Los ejemplares capturados, un total de 21 hembras y 27 machos, se introdujeron en terrarios en los que se construyeron tres recorridos de distinta longitud (210, 140 y 70 centímetros) desde la línea de salida hasta los refugios. En cada recorrido se simuló la presencia de depredadores y se midió la velocidad y el número de veces que los individuos se detenían en la huida.

«Los resultados obtenidos muestran que, a corta distancia, los sapos corren a más velocidad, lo que les permite llegar antes al refugio. Por el contrario, en los tramos localizados a media y larga distancia tan solo aceleran tras recorrer el primer tramo, haciendo, además, un desplazamiento más intermitente, deteniéndose con más frecuencia», explica el investigador.

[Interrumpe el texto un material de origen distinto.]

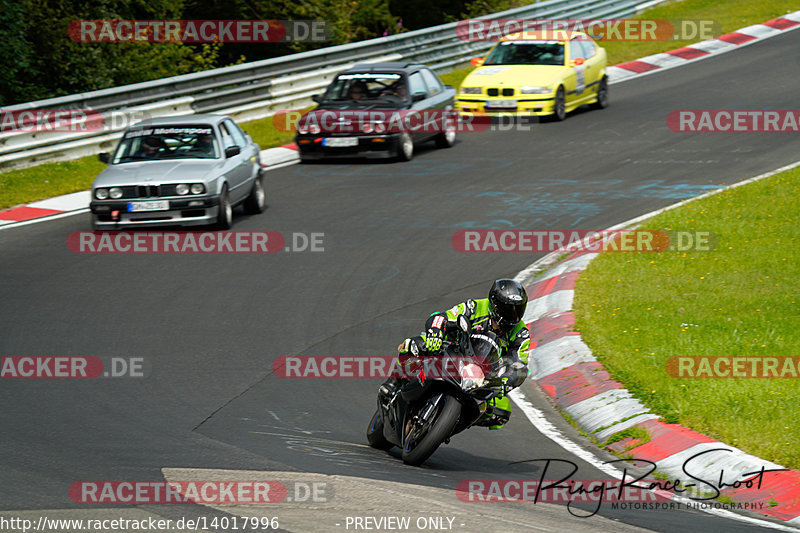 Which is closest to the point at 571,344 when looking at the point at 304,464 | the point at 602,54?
the point at 304,464

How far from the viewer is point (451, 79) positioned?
84.0 ft

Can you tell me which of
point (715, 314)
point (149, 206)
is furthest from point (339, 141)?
point (715, 314)

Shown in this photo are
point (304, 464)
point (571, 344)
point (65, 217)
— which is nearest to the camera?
point (304, 464)

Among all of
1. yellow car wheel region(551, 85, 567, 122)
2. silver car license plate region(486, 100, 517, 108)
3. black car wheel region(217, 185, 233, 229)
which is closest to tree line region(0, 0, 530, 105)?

Esto favorece que los individuos puedan ahorrar energía y reducir el riesgo de ser detectados, tan solo acelerando y haciendo un desplazamiento continuo si la amenaza no desaparece, según añade Zamora-Camacho.

Además, estas diferencias fueron más intensas en el caso de los machos, «lo que podría deberse a que, al estar más expuestos a los depredadores durante actividades como la defensa del territorio o el apareamiento, tienen más necesidad de desarrollar estrategias de huida eficaces», concluye el investigador.